The last 7-8 games or so he wasn't tracking pucks (reacting) as sharply as he did all year and was making mental mistakes whether it be handling the puck or getting out smarted by the opposing player. His rebound control also slipped and I found he was a little too deep in the crease. I don't think any of this happens on purpose but sometimes mental fatigue affects your game just that slight bit and that's all it takes in the NHL to get outsmarted by shooters (I will speak more to this below), he wasn't horrible but played average and that is the reason I think why.
Interesting you bring up the debate from last summer, I saw a brief clip of Helly on CBC at the start of one of the Preds games where Helly said this:
"No matter what happens, at the end of the day I believe in myself. Confidence is a big thing, you have to be able to trust yourself and sometimes your making reactions not based on what you think you're gonna do but based on something happening and all of a sudden your glove pops out, that's what confidence does, it give you that half a second of patience that maybe forces the shooter to make the mistake. Sooner or later you're just so confident in the net and shooters can see that presence"
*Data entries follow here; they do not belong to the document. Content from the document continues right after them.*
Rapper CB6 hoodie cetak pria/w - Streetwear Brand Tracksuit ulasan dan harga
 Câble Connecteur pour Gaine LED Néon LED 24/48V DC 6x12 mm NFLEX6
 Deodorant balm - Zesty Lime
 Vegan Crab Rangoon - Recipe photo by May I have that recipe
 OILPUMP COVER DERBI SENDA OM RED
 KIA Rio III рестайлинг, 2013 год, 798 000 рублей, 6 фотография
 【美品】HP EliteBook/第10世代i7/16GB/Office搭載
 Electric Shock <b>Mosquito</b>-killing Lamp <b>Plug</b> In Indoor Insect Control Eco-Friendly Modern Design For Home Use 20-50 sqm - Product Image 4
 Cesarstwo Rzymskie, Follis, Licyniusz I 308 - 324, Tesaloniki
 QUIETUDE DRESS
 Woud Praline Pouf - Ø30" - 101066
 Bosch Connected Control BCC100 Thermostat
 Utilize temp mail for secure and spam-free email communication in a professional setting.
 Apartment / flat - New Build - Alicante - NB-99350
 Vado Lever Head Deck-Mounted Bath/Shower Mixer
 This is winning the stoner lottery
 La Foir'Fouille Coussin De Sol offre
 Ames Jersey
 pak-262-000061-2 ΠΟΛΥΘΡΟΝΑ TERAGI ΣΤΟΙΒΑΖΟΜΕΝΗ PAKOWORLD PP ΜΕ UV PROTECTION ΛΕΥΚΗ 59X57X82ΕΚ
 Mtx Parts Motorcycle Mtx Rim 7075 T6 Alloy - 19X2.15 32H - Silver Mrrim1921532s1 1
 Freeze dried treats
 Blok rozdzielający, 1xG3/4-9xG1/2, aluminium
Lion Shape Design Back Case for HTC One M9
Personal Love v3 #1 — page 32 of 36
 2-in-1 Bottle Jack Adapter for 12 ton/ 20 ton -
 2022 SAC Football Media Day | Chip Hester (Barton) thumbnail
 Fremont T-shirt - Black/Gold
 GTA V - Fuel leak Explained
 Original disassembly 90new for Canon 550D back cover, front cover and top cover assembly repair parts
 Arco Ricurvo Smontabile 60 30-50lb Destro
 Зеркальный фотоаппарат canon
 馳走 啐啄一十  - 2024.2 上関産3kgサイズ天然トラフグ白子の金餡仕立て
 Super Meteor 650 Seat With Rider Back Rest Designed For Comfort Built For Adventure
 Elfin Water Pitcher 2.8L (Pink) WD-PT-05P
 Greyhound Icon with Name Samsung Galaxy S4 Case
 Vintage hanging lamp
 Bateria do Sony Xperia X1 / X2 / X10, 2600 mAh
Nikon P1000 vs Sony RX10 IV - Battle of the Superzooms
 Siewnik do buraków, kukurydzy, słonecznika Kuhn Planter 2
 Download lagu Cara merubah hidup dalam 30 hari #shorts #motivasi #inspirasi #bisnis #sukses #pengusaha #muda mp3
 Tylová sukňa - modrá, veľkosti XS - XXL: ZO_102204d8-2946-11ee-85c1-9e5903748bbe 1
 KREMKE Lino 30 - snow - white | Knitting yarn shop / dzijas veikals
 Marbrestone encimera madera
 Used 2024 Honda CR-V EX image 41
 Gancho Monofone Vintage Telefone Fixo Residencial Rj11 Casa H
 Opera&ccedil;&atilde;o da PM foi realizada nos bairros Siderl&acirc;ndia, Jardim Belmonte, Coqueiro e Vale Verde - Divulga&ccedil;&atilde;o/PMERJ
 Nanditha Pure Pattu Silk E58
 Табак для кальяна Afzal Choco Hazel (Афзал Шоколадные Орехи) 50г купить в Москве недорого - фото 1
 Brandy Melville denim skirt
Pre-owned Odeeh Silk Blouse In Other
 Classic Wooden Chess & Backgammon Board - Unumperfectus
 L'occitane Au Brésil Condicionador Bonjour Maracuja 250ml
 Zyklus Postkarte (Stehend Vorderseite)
I had a healthy debate last summer that confidence was all Helly was missing and that he needed that last year to learn and adjust to shooters. (Last year he was second guessing, this year he was reacting, confidence sure helps) What he said above is exactly what I said last summer and how it's such a fine line and what a split second means at the NHL level. When I saw this video with him talking about it confirmed it for me, that he now had it this season and was outsmarting players. (Note: this happened less this series, I'll say why below)
Now to close, and where I'm going with this, is I don't see confidence as an issue down the stretch but fatigue, but the end result can be the same, being a split second behind makes all the difference in the world, whether playing the puck behind the net or playing in the crease, he just didn't look as sharp and quick with his decisions and that split second difference means the puck is in your net. That's what it looked like to me, because he didn't just all of a sudden forget how to play goal, just like the Jets didn't all of a sudden forget how to skate, they looked tired. Sometimes it happens, and I think all the accumulated minutes he played finally took it's toll. Now this is all my opinion of course and nothing more than that, but just like the Jets he looked tired mentally and physically, but just like the Jets Helly will bounce back next year and be fine.